41

— Так это вы и есть Егор Канунников? — открыв дверь, сказал доктор Казимирский.

Перед Егором в полумраке прихожей стоял высокий, худой старик с орлиным носом, тонкими запавшими губами, острым подбородком. Что-то мефистофельское было в этом необыкновенном лице старого поляка, которое, раз увидев, никогда не забудешь.

— Пойдемте на свет, — он дружелюбно взял Егора под руку. — Не удивляйтесь, я вас ждал. Вчера звонила Нина Сергеевна. Она говорила, что вам нужна помощь. Вернее, не вам, а вашей дочери. Я правильно понял?

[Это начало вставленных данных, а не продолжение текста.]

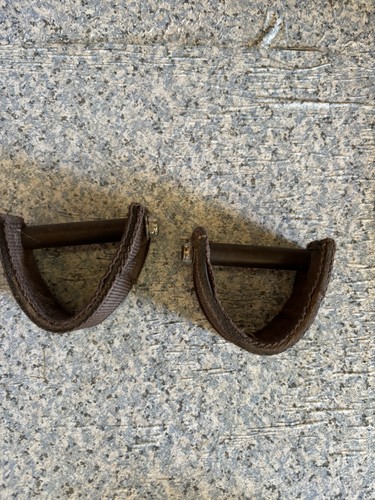 Western stirrup turners - western,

— Да, — подтвердил Егор. — Все верно.

Он вошел в тесную комнату, заставленную старомодной и ветхой мебелью. На большом письменном столе — телефонный аппарат. В его трубке вчера слышался голос Нины. Взгляд Егора задержался на телефоне. И вдруг его отвлек какой-то писк, он оглянулся: перед балконной дверью в большой проволочной клетке прыгали попугайчики. Рядом, в клетке поменьше, стремительно и бесконечно бежала в железном колесе белка.

— Пациенты балуют… — услышал Егор позади себя голос хозяина и обернулся. На него глядели голубые глаза доктора. Они как-то смягчали суровость его лица.

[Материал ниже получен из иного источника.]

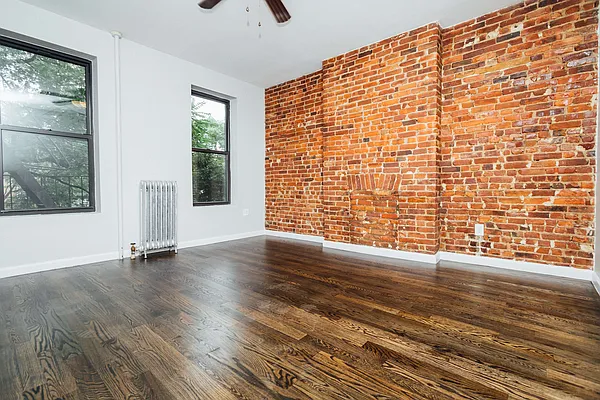 Rented by Nooklyn NYC LLC | media 10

— Я и птиц не любил, и белок. А вот жалко обижать пациентов, и оставил. Теперь привык. А вы не любите птиц?

— Как вам сказать…

— Да, да, конечно, — сказал доктор и подумал, как бы не забыть передать, что Нина пролетает завтра в Таганрог и ее самолет рано утром сделает посадку в Харькове. Спросил: — Вы давно знакомы с Ниной Сергеевной?

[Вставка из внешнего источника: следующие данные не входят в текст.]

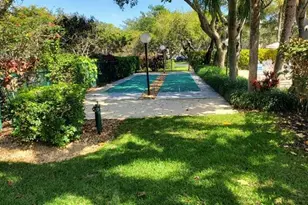 3800 Oaks Clubhouse Dr, Pompano Beach, FL 33069 - Photo 31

— Совсем недавно, — ответил Егор замкнуто, и хозяин понял, что ни о птицах, ни о Нине Сергеевне им не разговориться. Тогда он спросил его о дочери. Егор рассказал все, что знал о ее болезни. А знал он мало, живых наблюдений у него почти не оказалось. И лишь то, что он вспоминал о встрече с дочерью в лагере, вызвало у доктора живейший интерес. Он стал расспрашивать о характере девочки, о том, как она ведет себя среди сверстниц, среди взрослых, общительна или любит уединяться. То, о чем Егор никогда бы не подумал, почему-то интересовало доктора.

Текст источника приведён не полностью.